Generally, Australians are happier for Britons moving to and living in Australia than any other race apart from New Zealanders.
The reasons are obvious: Brits speak English (!), share the same values, don’t enter illegally and are generally keen to adapt to the Australian way of life. If you know this upfront, you know what your strengths are in terms of being an acceptable immigrant – so play to your strengths, get involved in the Australian way of life and be happy in the active choice you have made to make Australia your home.
Be a positive addition to Australia.
Don’t be tempted to move in and become a drain on the nation’s resources, it will not be tolerated. By moving to and living in Australia, working, starting a business, creating employment, paying taxes and (yes that word again) integrating, you are flying a very positive flag for Britain and Britons.
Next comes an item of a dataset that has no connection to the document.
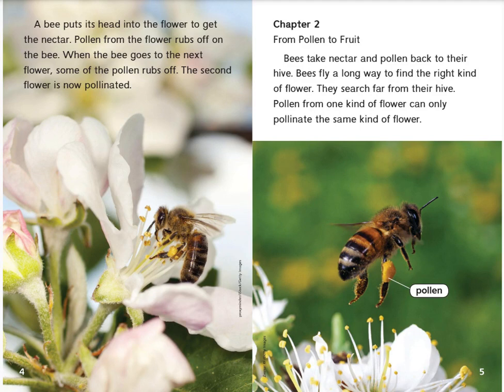A bee puts its head into the flower to get the nectar. Pollen from the flower rubs off on the bee. When the bee goes to the next flower, some of the pollen rubs off. The second flower is now pollinated.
Your positive behaviour is a positive reflection on you.
Show you are committed.
By making the very real effort to gain a residency visa for moving to and living in Australia you are making a genuine commitment to the nation – however, why stop there?
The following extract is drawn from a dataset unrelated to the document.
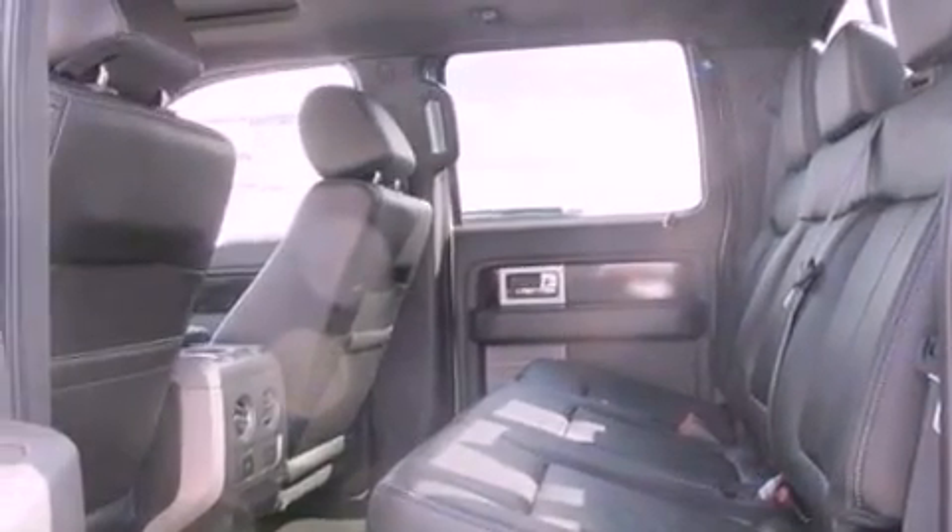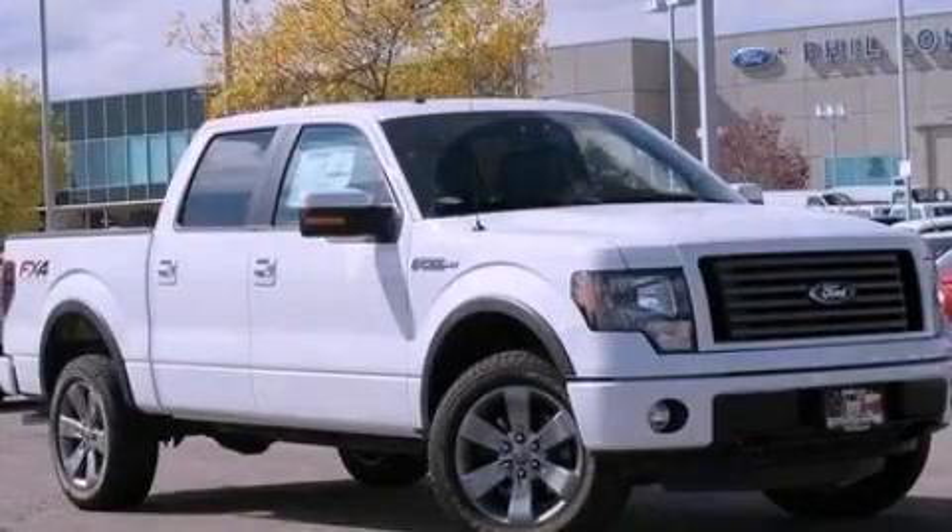This automobile won't last long at this price. Call and arrange a test drive now.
Many Australians are confused about why a Brit will choose to make Australia home, but also actively choose to retain their British passport. When it comes time for you to make the choice, why don’t you choose Australian citizenship if you really want to be a citizen of Australia?
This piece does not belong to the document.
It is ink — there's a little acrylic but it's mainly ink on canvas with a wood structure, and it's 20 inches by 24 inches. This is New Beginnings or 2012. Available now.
Embrace the Australian way of life.
By changing your patterns of behaviour and becoming more Australian in the way you do everything day to day, you will be welcome and accepted. I
t is not so difficult for Brits, as from what they eat and drink to how they socialise and even how often they wash their car and tend their gardens, Britons are naturally very similar to Australians. So assimilating the Australian way is naturally easier – and the sooner you give in and fire up the Barbie the sooner you will be accepted.
Remember to love your new life.
You chose Australia for very good reasons – from the way of life to the work/life balance, from the weather and climate to the economic climate, from the employment landscape to the natural landscape – love where you’re living and let it be known that you’re happy to be in Australia.
After all, if you genuinely don’t like it, you are free and encouraged to leave.
The feelings you will encounter when moving to and living in Australia as a resident will range from stunned shock to overwhelming excitement, from momentary panic and homesickness to a feeling of such euphoria as you realise what you have achieved, and all the opportunities in front of you.
It is actually one of the best feelings in the world when you have planned and prepared for relocation and then you realise it and make it happen.
Enjoy the positive feelings and don’t worry about the negative ones. They are 100% to be expected, everyone goes through the thought process where you encounter a few tough days trying to adjust and you think ‘oh my God, what have I done’.
Take it all in your stride, look to the longer-term, remember why you made the move in the first place (a checklist attached to the fridge is a good idea sometimes), and have a treat on a bad day to remind yourself that actually no, your new life IS better! You’ll be fine.
Then all of a sudden, 6 months have passed. You’re an Australian – you have a job, a home, your kids have friends, you’ve made some good friends yourself, you’re happy. You have a whole new range of hobbies, your accent has a strange twang and you’re happiest of all when you’re spending all your free time with your family and your friends outside in the glorious sunshine.
Okay, so getting to this point requires a huge transition as you enrol your kids in school, attend a million interviews, search long and hard for the right house, warily approach strangers in the hope they will be friends, and untangle the mess of red tape than any relocation inevitably leaves you tied up in. But you get through it, and you get through it easily because it’s what you want – moving to and living in Australia has been your dream, so live it!